1

I understand that to match a literal backslash, it must be escaped in the regular expression. With raw string notation, this means r"\\". Without raw string notation, one must use "\\\\".

When I saw the code string = re.sub(r"[^A-Za-z0-9(),!?\'\`]", " ", string), I was wondering the meaning of a backslash in \' and \`, since it also works well as ' and `, like string = re.sub(r"[^A-Za-z0-9(),!?'`]", " ", string). Is there any need to add the backslash here?

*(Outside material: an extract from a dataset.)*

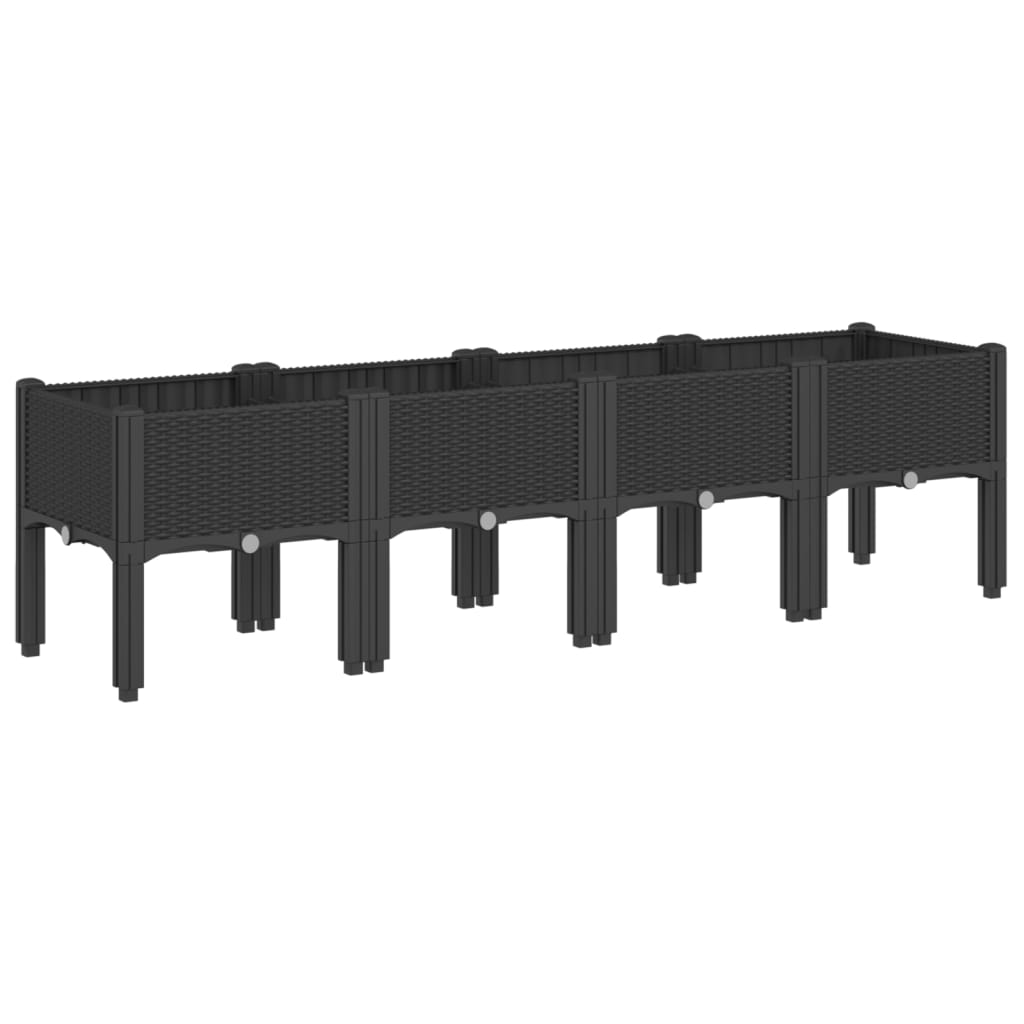 vidaXL Jardinera con patas PP 160x40x42 cm Color Gris,  Gris claro,  Negro y mas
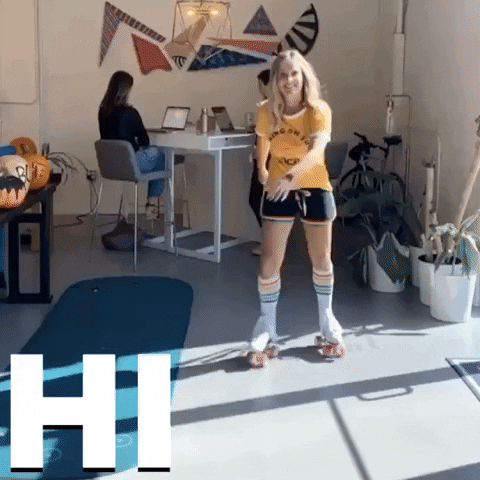 Roller Skating Hello GIF by Obviouslee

I tried some examples in Python:

  1. str1 = "\'s"
    print(str1)
    str2 = "'s"
    print(str2)
    

    The result is same as 's. I think this might be the reason why in previous code, they use \'\` in string = re.sub(r"[^A-Za-z0-9(),!?\'\`]", " ", string). I was wondering is there any difference between "\'s" and "'s" ?

  2. string = 'adequately describe co-writer/director peter jackson\'s expanded vision of j . r . r . tolkien\'s middle-earth .'
    re.match(r"\\", string)
    

    The re.match returns nothing, which shows there is no backslash in the string. However, I do see backslashes in it. Is that the backslash in \' actually not a backslash?

TylerH
  • 20,799
  • 66
  • 75
  • 101
Panfeng Li
  • 3,321
  • 3
  • 26
  • 34
  • 1
    Mind that you use a *raw* string for the regex. – Willem Van Onsem Jul 24 '17 at 19:19
  • 4
    Some characters are considered _special_ in some contexts of regex and for a literal match you have to escape them with a backslash. When people are not sure (read - they don't really know regex ;)) if a certain character should be escaped or not they tend to over-escape everything that seems to them as a 'special character'. Both `'` and `\`` are not special characters and don't need escaping. When you escape a non-special character it's still treated as a literal match. – zwer Jul 24 '17 at 19:23
  • @zwer Thanks, and how about the difference between `"\'s"` and `"'s"`. Are them same? – Panfeng Li Jul 24 '17 at 19:26
  • @PanfengLi - why don't you try it out: `"\'s" == "'s"`. The rule is largely the same with Python strings as well - escaping a character that needs no escaping will usually just be ignored. If you don't want it ignored (in Python context) you can force Python to treat your backslashes as literal (so it will be escaping your backslashes automatically) so `r"\'s" == r"'s"` will give you a different result. – zwer Jul 24 '17 at 19:27
  • @zwer Okay, thanks again, it returns `True`. I understand that. – Panfeng Li Jul 24 '17 at 19:30

2 Answers2

2

In python, those are escaped characters, because they can also have other meanings to the code other than as they appear on-screen (for example, a string can be made by wrapping it in a single quote). You can see all of the python string literals here, but the reason there were no backslashes found in that string is that they are considered escaped single quotes. Although it's not necessary, it is still valid syntax because it sometimes is needed

Mark R
  • 337
  • 2
  • 9
1

Check out https://docs.python.org/2.0/ref/strings.html for a better explanation.

The problem with your second example is that string isn't a raw string, so the \' is interpreted as '. If you change it to:

>>> not_raw = 'adequately describe co-writer/director peter jackson\'s expanded vision of j . r . r . tolkien\'s middle-earth .'
>>> res1 = re.search(r'\\',not_raw)
>>> type(res1)
<type 'NoneType'>
>>> raw = r'adequately describe co-writer/director peter jackson\'s expanded vision of j . r . r . tolkien\'s middle-earth .'
>>> res2 = re.search(r'\\',raw)
>>> type(res2)
<type '_sre.SRE_Match'>

For an explanation of re.match vs re.search: What is the difference between Python's re.search and re.match?

dashiell
  • 812
  • 4
  • 11